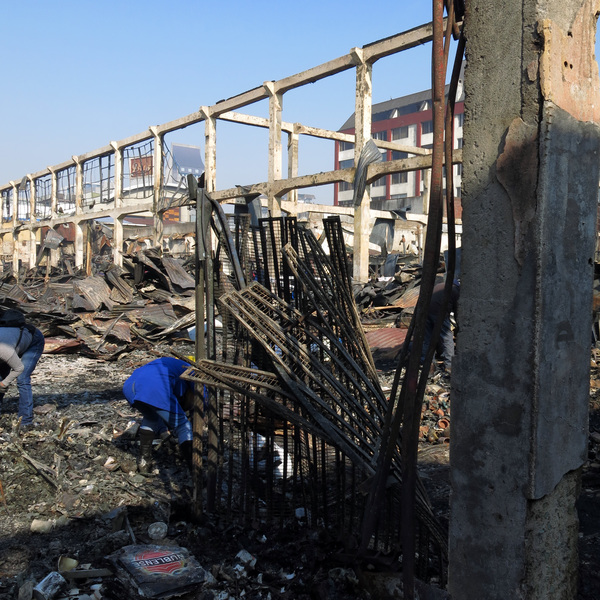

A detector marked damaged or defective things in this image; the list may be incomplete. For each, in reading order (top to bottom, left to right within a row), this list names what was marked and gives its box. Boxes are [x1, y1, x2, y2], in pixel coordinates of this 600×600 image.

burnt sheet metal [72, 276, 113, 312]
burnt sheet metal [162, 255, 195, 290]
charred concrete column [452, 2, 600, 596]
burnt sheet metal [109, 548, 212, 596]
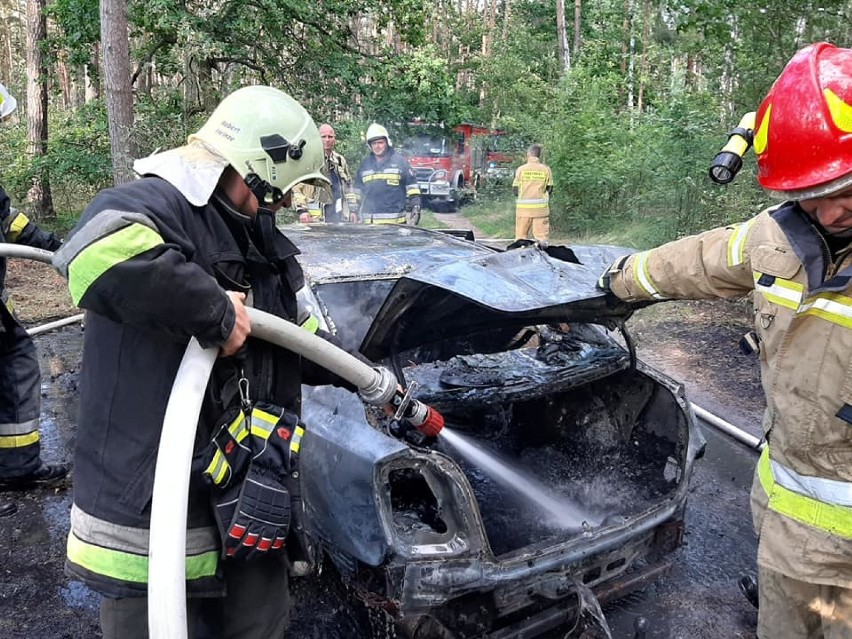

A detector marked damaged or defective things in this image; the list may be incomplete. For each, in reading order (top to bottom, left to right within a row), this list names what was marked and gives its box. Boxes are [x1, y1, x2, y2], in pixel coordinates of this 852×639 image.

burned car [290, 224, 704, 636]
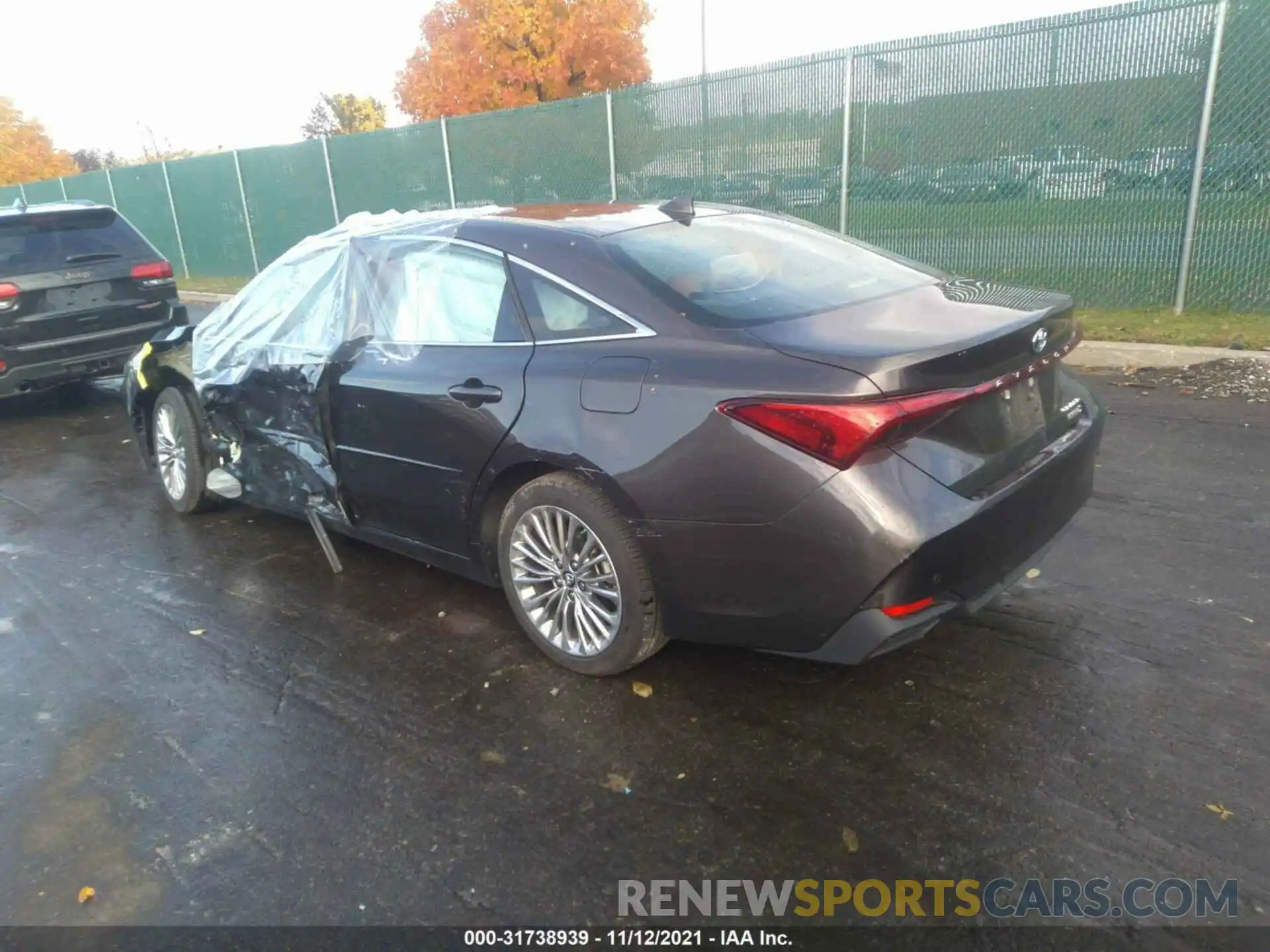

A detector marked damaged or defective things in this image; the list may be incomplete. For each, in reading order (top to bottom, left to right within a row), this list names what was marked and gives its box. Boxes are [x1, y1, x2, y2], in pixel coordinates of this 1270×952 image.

....

Your copy should start at the line with "this 852×639 image.", stop at the last line of the listing above, match exactly, and contain no pictures.

(Problem solution):
A detector marked damaged or defective things in this image; the list may be incomplete. For each, in reading order (top to bottom, left to right within a row), this list names what was marked and gives its box. Boxes are [x1, y1, x2, y2], in pixel coordinates of this 852×639 image.

burned car [290, 224, 704, 636]

A detector marked damaged or defective things in this image; the list may be incomplete. For each, in reading order (top to bottom, left to right within a row), this list names what was marked and gives its box. Boxes are [x1, y1, x2, y2], in pixel coordinates of this 1270×952 image.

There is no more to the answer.